I'm going to copy-paste my latest comment in https://github.com/JiaweiZhuang/xESMF/issues/21 below.

LiamBindle commented 3 years ago

Hi all. For GCHP we need cubed-sphere and stretched cubed-sphere regridding too. We use the "sum conservatively-regridded faces" approach as well, and it works okay, but it's limited to the "conserve" method, it's brittle, and it's hard to extend because of the extra complexity. Lately I have been working on a few projects that are regridding-heavy, and I have a workflow that works pretty well for what I need. I thought I would share it here, and perhaps we can figure out how to support this in general in the ESM community.

The ESMF_Regrid and ESMF_RegridWeightGen tools support the gridspec file format for cubed-sphere and stretched cubed-sphere grids. I didn't find any tools online for generating these files, so I wrote a small utility for generating gridspec files. This lets you use the ESMF_RegridWeightGen tool natively, so you can generate regridding weights using any method (e.g., bilinear, 2nd order conservative, nearest, etc.), and regrid between any grid-types (assuming you can generate the grid-definition file).

Once you have the regridding weights, the actual regridding is simply a sparse matrix multiplication. I wrote a small library for doing this sparse matrix multiplication the Pythonic way (using numpy.vectorize and xarray.apply_ufunc) which you can find here: sparselt.
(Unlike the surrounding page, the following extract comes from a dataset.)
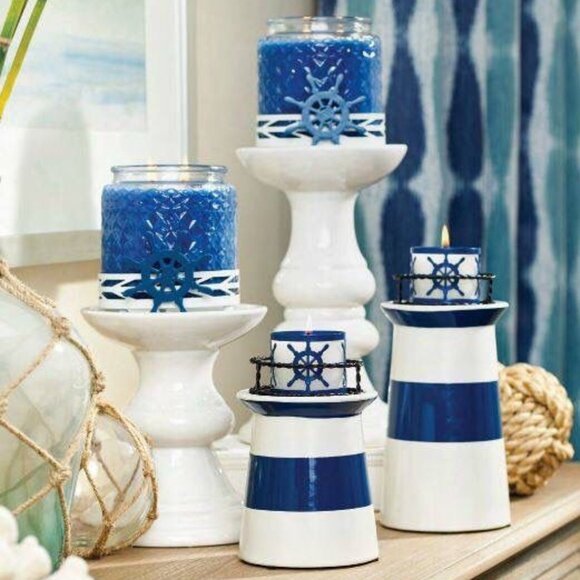 Gold Canyon Tall White Stand - Picture 6 of 6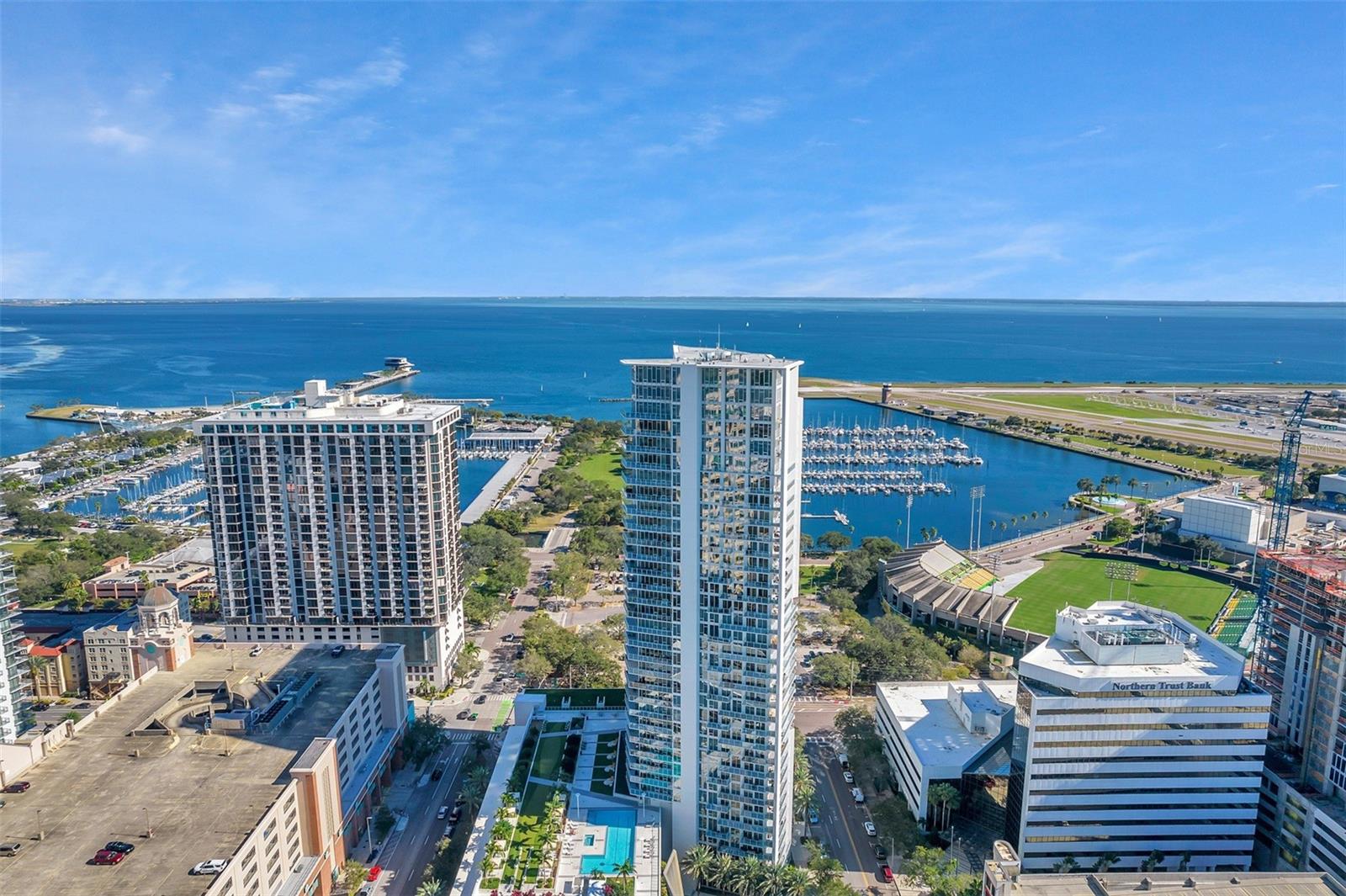 1 BEACH DRIVE SE 2712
That said it's simply a sparse matrix multiplication, so it would be easy to implement in any language.

The "nice traits" of this approach are:

This isn't a "new approach"---it's really what's just going on under-the-hood---but breaking regridding up into generating weights and a sparse matrix multiplication is an interface that's flexible and simple.

I'm happy to merge my work into somewhere else, but I'm not entirely sure it fits well in xESMF. Open to any suggestions!